- 1 Post By philo2009
Most of those questioned refused to answer
In English, we can say
Most of those questioned refused to answer.
(=Most of those who were questioned refused to answer.)
Those present were in favour of change.
(=Those who were present were in favour of change.)
1.Opportunities are for those who are well prepared.
2.Those who are rich can do many things.
3.He only helped those who were aged.
you cannot leave out the red words;but for
He only helped those who were aged between 70 and 90
you can omit the red words.
We should help thosewho are in need
you can ellipt the red words.
I can't think of a general rule why and when these red words can be omitted.
Could anyone help me?
Re: Most of those questioned refused to answer
The general rule is that is is normally possible where the form after 'those' is a participle, and normally not so where it is an uncomplemented adjective.
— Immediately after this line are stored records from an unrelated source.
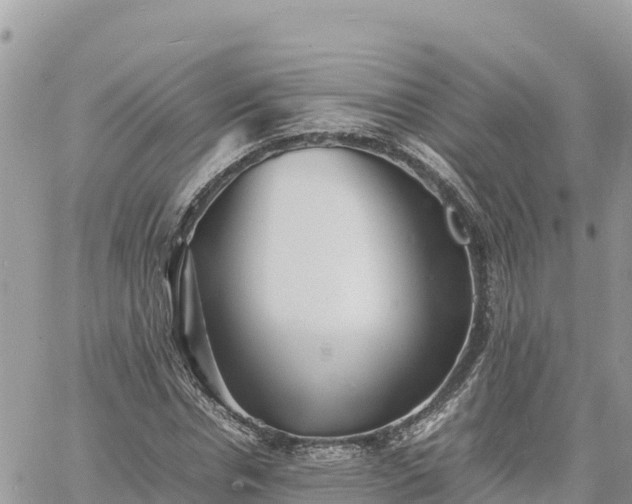 X0000060750826200511171120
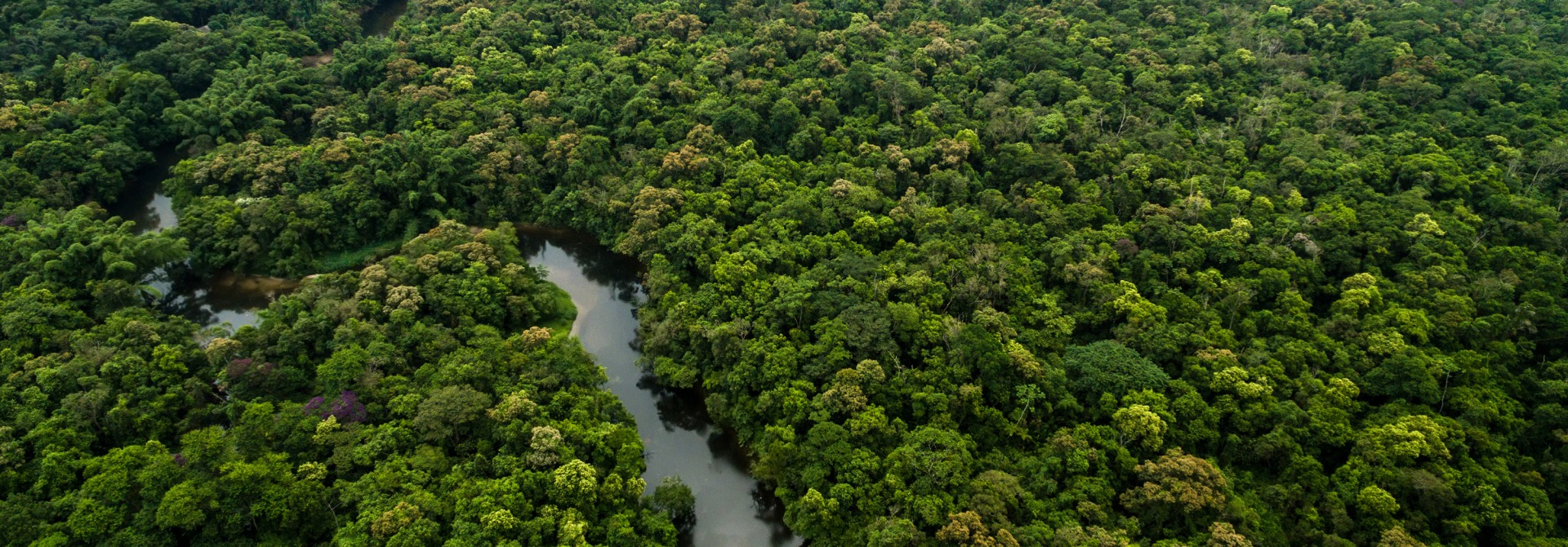 Aerial View of River in Rainforest, Latin America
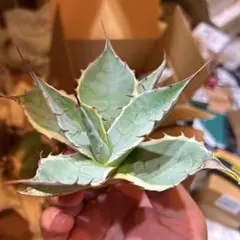 2026年最新】オバティフォリア ハイブリッドの人気アイテム - メルカリ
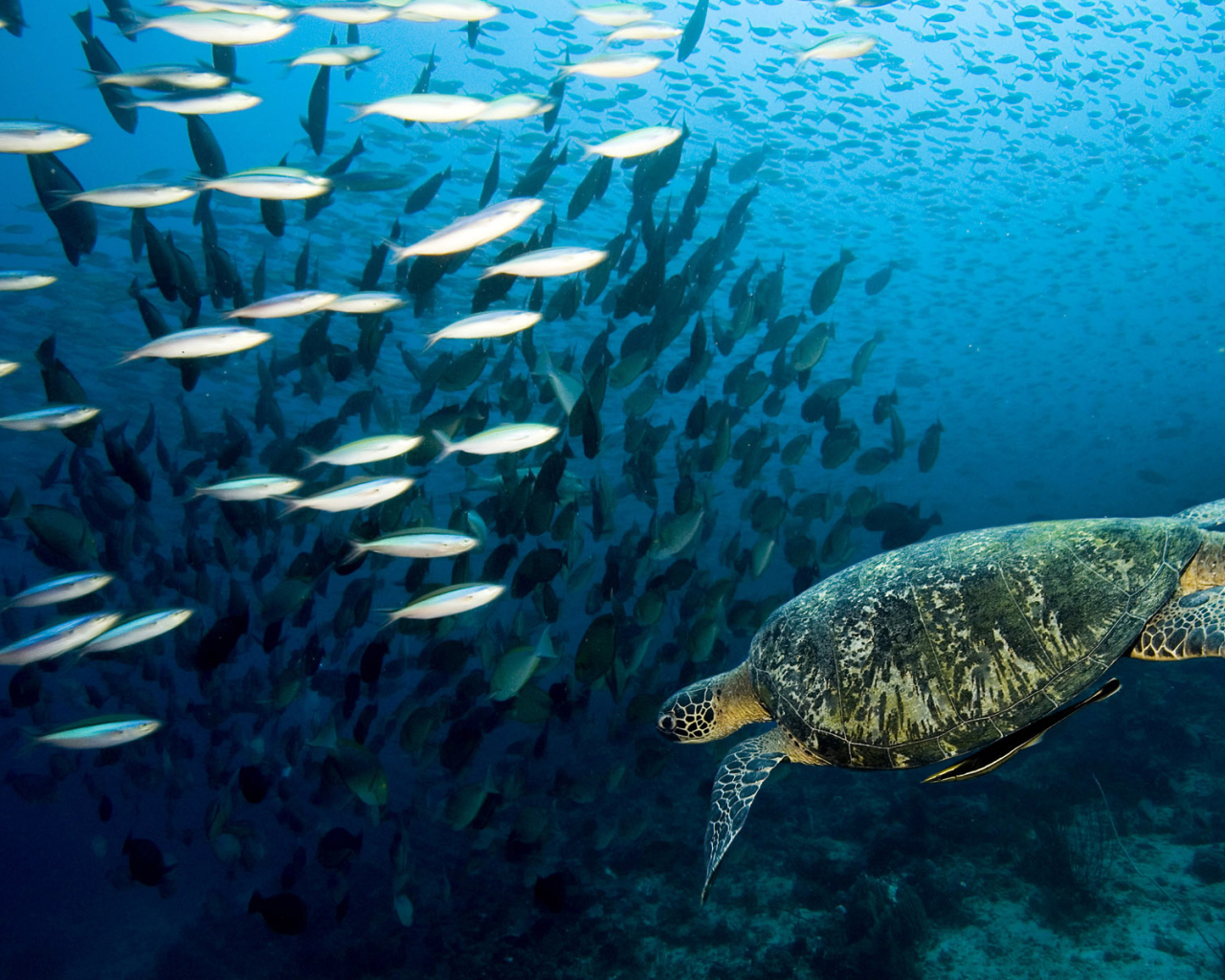 Морская черепаха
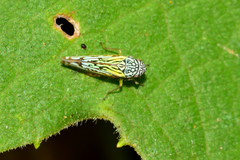 Graphocephala edwardsii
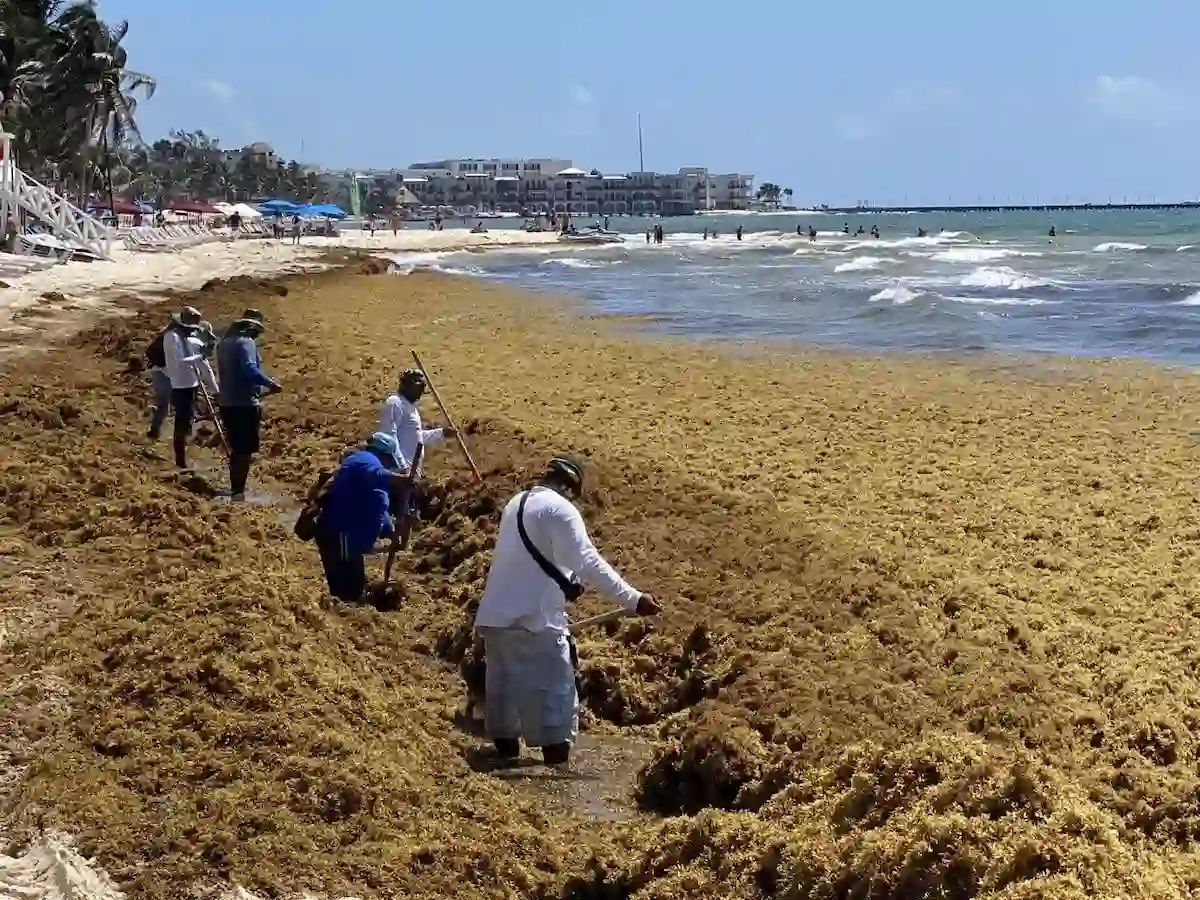 Workers clear sargassum from the sand at a beach in Quintana Roo, Mexico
Originally Posted by nelson13
Complemented adjectives, however, are normally allowable, hence
Those happy with the proposed pay hike were among the first to turn up.
(where 'happy' is complemented by 'with...hike')
Those rich in spirit are superior to those rich merely in terms of money.
while we may not have simply
*Those happy were...
*Those rich are...
'Present' and 'absent' are among a small number of apparent exceptions, although we may rationalize this on the basis that a complement is always implicit (present at the meeting, absent from the meeting, etc.)